Mid Coast Road Services in District Court over negligence claims following 2012 work accident

The judgement said the accident was caused because the plaintiff was unable to apply the service brake as the tie down ratchet set was wedged beneath it.
The judgement said the accident was caused because the plaintiff was unable to apply the service brake as the tie down ratchet set was wedged beneath it.

Negotiations for damages are currently underway for a personal injury claim between a man and Mid Coast Road Services. 

The hearing was held between March 20-23 and on May 26 before Judge Toner in the District Court of NSW at Port Macquarie. 

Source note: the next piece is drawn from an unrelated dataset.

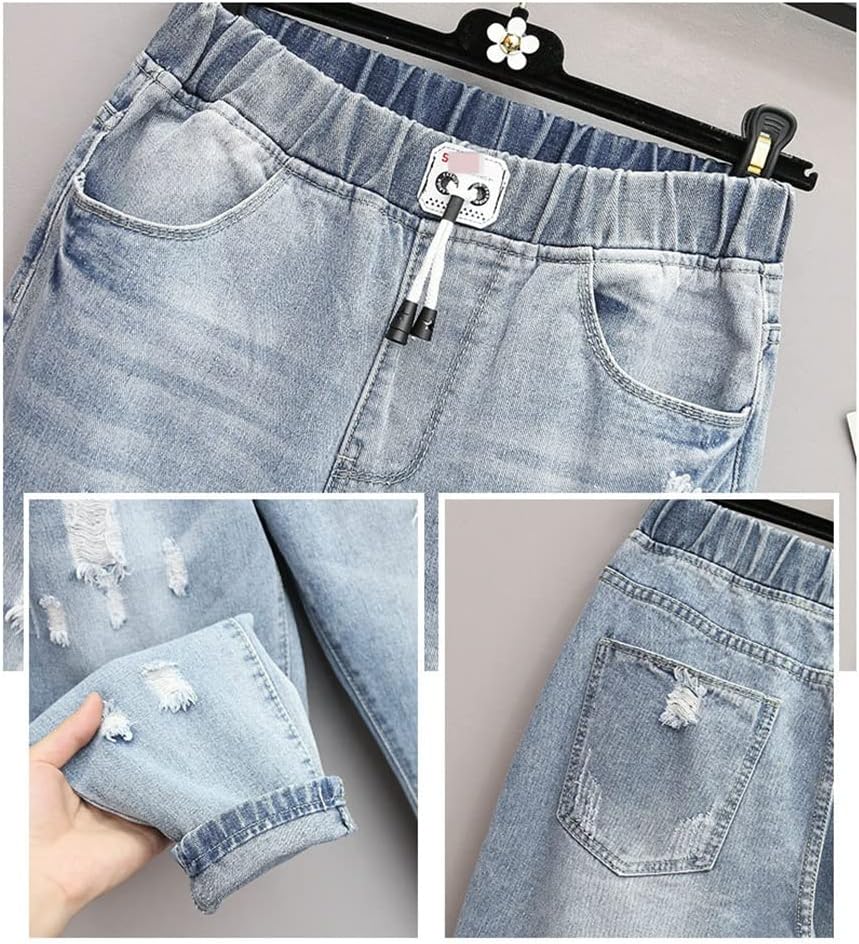 Hellblaue Jeans mit elastischem Bund, Kordelzug und Taschen, lässiger Stil, Damenmode.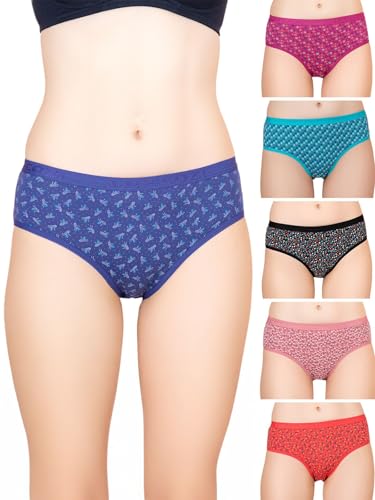 Image of Lux Cozi for her Outer Elastic Hipster 100% Cotton Panty Set for Women | Cotton Panty for Women | Underwear for Women |Hipster Panties for Women | Colors & Prints May Vary | Pack of 6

The plaintiff was involved in a road accident on September 15, 2012 on the Oxley Highway, west of Wauchope. 

The judgement said the plaintiff sued companies Diveva Pty Ltd and Coastal Asphalt & Civil Constructions, which traded as Mid Coast Road Services. He alleged negligence against each of the companies.

The companies were under the sole directorship of Craig Pinson at the time of the accident, the judgement stated. 

The plaintiff is a truck driver and was employed by Coastal Asphalt & Civil Constructions. The truck he was driving at the time of the accident was registered in the name of Diveva Pty Ltd. 

The judgement said at the time of the accident the man took his foot off the accelerator and applied it to the brake but it wouldn’t move. 

“It was absolutely stuck and I couldn’t budge it,” the plaintiff said. 

The judgement said the accident was caused because the plaintiff was unable to apply the service brake as the tie down ratchet set was wedged beneath it. 

In handing down the findings Judge Toner said the truck had been driven by the plaintiff for an excess of three months prior to the accident. 

The judge found both Diveva Pty Ltd and Coastal Asphalt & Civil Constructions were liable because the accident was caused by the fault of each owner in use or operation of the truck. 

The judge said each of the companies knew the tie down ratchet sets were stored in the cab of the truck and that it was unsafe. 

The judgement said each of the companies permitted the continuous use of the vehicle and knew it was unsafe to do so. Each were aware of the danger that represented and was in contravention of Safe Operating Procedure.

The judgement said the companies were aware of an available and relatively inexpensive alternative to ensure the safe storage of tie downs, and each of the companies either refused or neglected to implement that alternative or to insist it be implemented.